[ACTIVITY] For the material that follows, return exactly the lines from the one with "Snapshot of mrzaasch" through the one with "Chole With 2 Tawa Paratha - Zero Maida", both ends included.

[INPUT]
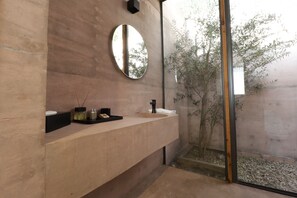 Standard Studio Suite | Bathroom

--

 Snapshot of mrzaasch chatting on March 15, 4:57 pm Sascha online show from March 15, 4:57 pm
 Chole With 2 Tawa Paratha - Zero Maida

==

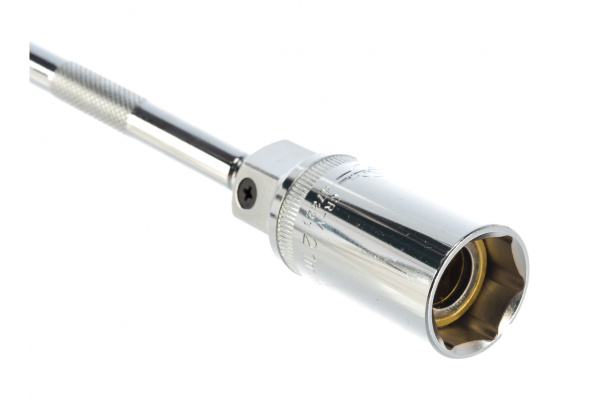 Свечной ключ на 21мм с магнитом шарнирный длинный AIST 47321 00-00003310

[WRITTEN ANSWER]
 Snapshot of mrzaasch chatting on March 15, 4:57 pm Sascha online show from March 15, 4:57 pm
 Chole With 2 Tawa Paratha - Zero Maida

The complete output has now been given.